The mature Rimu tree towers over the canopy with its weeping leaves and shedding bark. If not uprooted by strong winds or felled for timber, it can live to over 1000 years old and grow up to 50m tall. It is a member of the ancient Podocarp family whose lineage stretches back to a time when the New Zealand landmass was still part of the supercontinent Gondwana.
Rimu has long been considered one of New Zealand’s finest timbers, perhaps second only to Kauri. South of the Waikato where Kauri did not grow, Rimu or “Red Pine” was the dominant building timber used by European settlers. Because of extensive logging however, its range was greatly reduced and Government policies now prevent it from being logged on public land. Specialty items are still made from wood scavenged from stumps and roots of trees felled many years ago.
Edible Rimu Fruit
Māori used Rimu fruit as a food source, particularly in abundant mast years. The fruit only forms at the very end of branches, which made harvesting a dangerous task and serious injuries were common. The fruit has a constipating effect when eaten in large quantities and a juice made from Tutu flowers was drunk to counteract it.
Rimu and Kakapo
Rimu plays an integral role in the mating cycle of the Kākāpō – an extremely endangered, flightless, nocturnal parrot. The periodic mast-seeding of Rimu every couple of years helps synchronise Kākāpō mating efforts. Unripe Rimu fruit acts as ‘kākāpō viagra’ stimulating birds of both sexes into breeding, whereas the ripe fruit contains the perfect combination of nutrients and energy for growing chicks.

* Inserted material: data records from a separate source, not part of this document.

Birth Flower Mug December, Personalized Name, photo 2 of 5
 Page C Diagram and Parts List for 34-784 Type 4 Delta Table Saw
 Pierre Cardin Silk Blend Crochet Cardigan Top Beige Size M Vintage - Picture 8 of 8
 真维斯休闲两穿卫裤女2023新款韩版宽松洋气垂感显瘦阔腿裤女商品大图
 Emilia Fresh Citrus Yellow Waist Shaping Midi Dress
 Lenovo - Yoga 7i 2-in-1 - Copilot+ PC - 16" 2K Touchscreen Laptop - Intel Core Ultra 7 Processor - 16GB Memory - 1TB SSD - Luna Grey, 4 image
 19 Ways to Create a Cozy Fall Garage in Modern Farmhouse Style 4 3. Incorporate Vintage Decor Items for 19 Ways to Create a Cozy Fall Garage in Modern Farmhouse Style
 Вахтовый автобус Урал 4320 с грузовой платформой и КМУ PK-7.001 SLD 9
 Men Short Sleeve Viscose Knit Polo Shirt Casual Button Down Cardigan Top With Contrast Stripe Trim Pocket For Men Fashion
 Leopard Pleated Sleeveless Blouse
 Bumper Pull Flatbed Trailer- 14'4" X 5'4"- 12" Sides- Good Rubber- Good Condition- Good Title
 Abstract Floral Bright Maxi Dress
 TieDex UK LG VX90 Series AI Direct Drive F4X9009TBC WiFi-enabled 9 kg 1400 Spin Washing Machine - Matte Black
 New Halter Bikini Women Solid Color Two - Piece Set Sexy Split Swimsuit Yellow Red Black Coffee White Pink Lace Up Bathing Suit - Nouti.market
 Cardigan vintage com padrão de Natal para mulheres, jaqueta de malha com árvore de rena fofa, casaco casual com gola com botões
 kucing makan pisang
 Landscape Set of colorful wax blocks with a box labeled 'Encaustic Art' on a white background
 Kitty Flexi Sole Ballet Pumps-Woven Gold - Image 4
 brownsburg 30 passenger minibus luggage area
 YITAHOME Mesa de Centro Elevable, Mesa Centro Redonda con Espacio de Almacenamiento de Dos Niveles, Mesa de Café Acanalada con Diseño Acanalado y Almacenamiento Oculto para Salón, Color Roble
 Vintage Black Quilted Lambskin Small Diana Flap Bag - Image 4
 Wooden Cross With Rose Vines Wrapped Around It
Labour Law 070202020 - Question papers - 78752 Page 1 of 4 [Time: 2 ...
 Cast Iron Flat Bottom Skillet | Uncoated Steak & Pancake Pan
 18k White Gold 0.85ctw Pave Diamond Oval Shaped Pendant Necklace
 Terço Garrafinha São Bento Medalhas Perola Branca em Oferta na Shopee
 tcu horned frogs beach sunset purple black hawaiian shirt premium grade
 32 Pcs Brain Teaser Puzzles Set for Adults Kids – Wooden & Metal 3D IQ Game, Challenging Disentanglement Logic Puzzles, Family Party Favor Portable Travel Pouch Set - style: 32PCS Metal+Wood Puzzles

However if temperatures are not suitably warm the Rimu crop will fail, with devastating consequences on the tiny kākāpō breeding population. In the past, conservationists have attempted to boost Rimu fruiting frequency by spraying the trees with plant hormones, but the results were inconclusive. Today, work is focussed on developing supplementary diets and pills that mimic the benefits of Rimu fruit.
Rimu is a superior building wood, and was commonly used by early colonists in constructing houses, cabinets and furniture. Māori found a variety of uses for the wood aswell; as spears, canoes, torches and a host of other tools and implements.
The gum is bitter but edible and was applied to wounds to stop bleeding. A decoction of the bark was used to treat wounds, and was also bruised into a pulp and applied to burns, cuts and ulcers. It has been used to make brown, black and blue dyes. Ngāpuhi would mix soot from burning Rimu wood with shark-oil to make a black paint for their canoes.
On his second voyage to New Zealand, Captain Cook brewed Rimu beer to help prevent scurvy amongst his crew, and presumably to keep morale high aswell. The beverage was a great success, well appreciated by all on board. Cook wrote down the recipe and made another batch when he arrived in New Zealand again years later.
Captain Cook’s Recipe for Rimu Beer
- Boil small branches of rimu and mānuka in a large drum for three to four hours or until the bark can be stripped easily.
- Take the branches out and add as much molasses as required, 10 litres of molasses will make around 60 litres of beer.
- Pour the mixture into seperate casks and add an equal quantity of cold water, according to your taste.
- When the mixture is milk-warm, add anything that will cause fermentation such as yeast or beer grounds.
- In a few days the beer will be fit to drink.